There are plenty of risks when it comes to Big Data. I'm sure people got defensive when I mentioned how many things don't have numbers, since it calls up the idea of Big Brother and even the Holocaust when everyone will be branded with a number. Frankly, although numbers are the easiest method, as seen in India's current push to get ID numbers to their population, there are other means of identification available to us. A simple example would be a web-standard identification name. Currently that tends to be people's email address, but it can get a bit more standardized than that, where you register your dominant email address with some organization as your primary web ID. Then using some hash code of that ID, we can have a global identifier based on individual choice as opposed to assignment.
A bigger risk of Big Data is that people tend to fall under the false assumption that more data is better. Honestly, most data being collected is junk. We need to be able to recognize what data is meaningful and when it is worthwhile to try to sort through data. A good example here is that day-traders love data crunching software that returns the latest high/low trends of a stock with historical performance and maybe a comparison to the values of competitors. But a value investor should not be letting the daily fluctuations dictate his investment decisions, for it is more important to assess strategy, leadership, deals in the pipeline, and other long-term factors that don't require large data sets.

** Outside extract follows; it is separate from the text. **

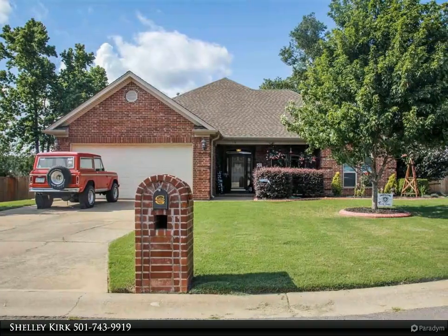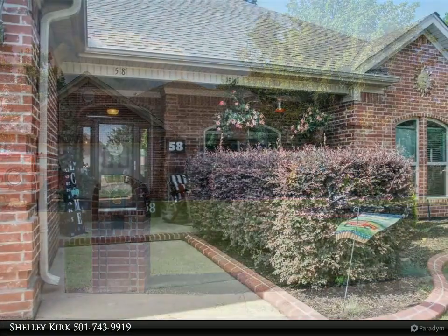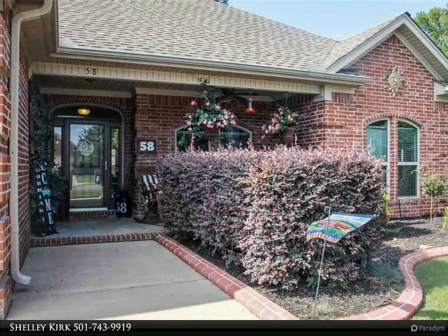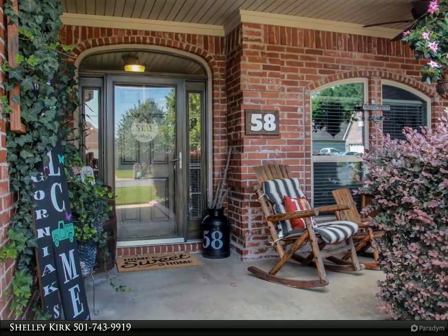This Century 21 Prestige Realty property video is presented by Shelley Kirk. Immaculate inside and out, this beautiful and modern home in a cul-de-sac is in a highly sought after neighborhood, zoned for Stagecoach Elementary, with new energy efficient windows and fence.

Technology has improved but can still go further. I don't have any in-depth experience with NoSql solutions and how they deal with large data, so I cannot speak too much about it all. But I would imagine that time will make the documentation and adoption of these solutions more mainstream. Relational databases are great for smaller data sets that are more static, but with the demands of Big Data, the new suite of solutions will hold the key.
Big Data is still in its infancy and I would love to see more people apply themselves towards this direction. But as stated in the last entry, people and projects follow the money, and we are still more concerned about making a quick buck from silo-ed niche information than trying to tackle how to standardize and organize the scary mass of data out there.
Just consider, Google is not known as a content producer or provider, but more as a searcher, organizer, aggregator. But even then, their data still has much area of improvement.